CATALUNHA: INDEPENDÊNCIA OU...


Os povos das "Colónias" do mundo rico revoltaram-se e lutaram pela independência e liberdade por serem pobres, explorados, viverem na miséria permanente e rejeitarem assim continuar.
A Catalunha revolta-se e luta pela independência por ser rica, a mais rica do país a que pertence e assim continuar querer sendo e rejeitarem ser contributo liquido para os mais pobres da sua comunidade de povos.
Trata-se de lutas separatistas por causas opostas; uns porque são os mais pobres e outros porque são os mais ricos.
A História da humanidade está repleta desta dialéctica dos opostos que foram causas de grandes confrontos, revoluções e guerras brutais que o tempo apaziguou mas nunca apagou da história própria desses países nem da memória desses povos.
Do lado da trincheira de cada povo contam-se e erguem-se estátuas aos heróis desses confrontos, enquanto se consideram terroristas ou contra-revolucionários os heróis do lado oposto dessa trincheira. E destas memórias inscritas na pedra ou letra de forma no papel, de cada lado, se constroem as tradições e identidades comuns dos povos que unem os indivíduos e os tornam cidadãos que dão coesão aos Estados. 
A luta separatista apoia-se sempre em ideais de liberdade, independência e democracia política mas será mesmo assim ou os ideais proclamados são, em muitos casos, para esconder o desejo de poder e ganância de elites oportunistas.
As antigas colónias exploradas pelos seus donos imperiais revoltaram-se por uma boa razão social e moral, contudo, ainda mal libertadas do colonialismo e independentes já lutavam contra as elites locais que se apoderaram do poder e o usaram em proveito próprio. 
A história destas independências fazem-nos crer que a luta catalã, para mais, promovida e comandada por uma alta burguesia local terá um destino de futuras lutas internas porque a independência, de per si, não só não apaga a dialéctica social entre ricos e pobres como, neste caso, tem tudo para agravá-la. Porque, neste caso, a independência terá como motivo fundacional o mau augúrio social de recusa de solidariedade com os mais pobres da sua comunidade de povos peninsulares.

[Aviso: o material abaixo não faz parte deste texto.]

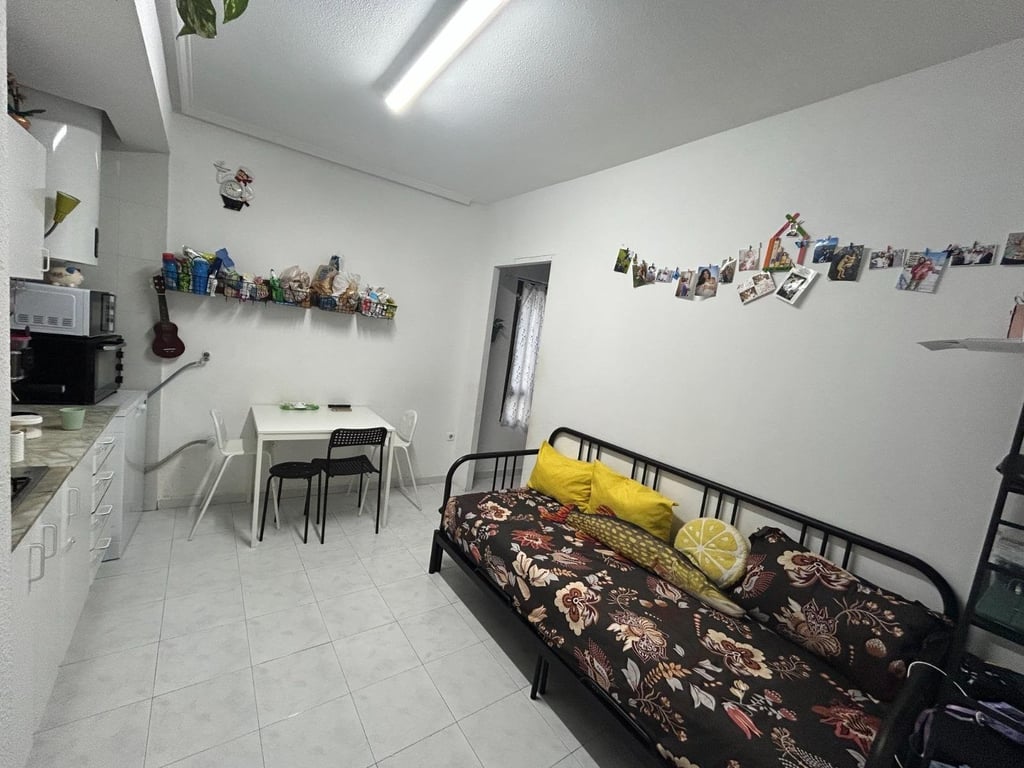 Apartment in Torrevieja - Image 2
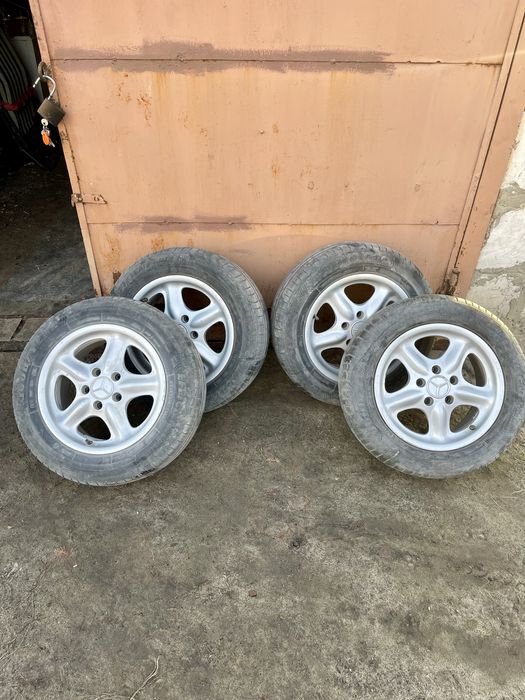 Диски R15 Стояли на Мерседесі 5х112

Povos companheiros do mesmo mercado comercial de trocas sem barreiras durante séculos que, certamente, contribuíram para a riqueza e grandeza catalã para além de, provavelmente, terem sido protegidos pelo poder central dado o maior peso reivindicativo que foram adquirindo.
Se não estão para ser solidários com os seus povos-irmãos companheiros sócio-comerciais de séculos como estarão futuramente dispostos a ser solidários internamente entre a classes sociais em oposição, uma senhora de quase tudo e outra senhora de quase nada? 
Os ideais puros de independência e liberdade gritados por multidões nas ruas e praças de uma comunidade fazem parecer e iludem o povo de que obtidos esses objectivos depois virá a igualdade e solidariedade para todos sem exclusões e o leite e o mel correrá pelas mesas de todos igualmente; emoções fortes são muros mentais que se opõem à corrente livre dos pensamentos claros, racionais.
A Espanha perderá grandeza e a Catalunha ganhará pequenez no concerto global e hegemónico das actuais grandes nações imperiais.    
E o povo raso catalão, passada a euforia da independência nacional, acordará um dia a perguntar a si mesmo; afinal para que serviu a nossa luta!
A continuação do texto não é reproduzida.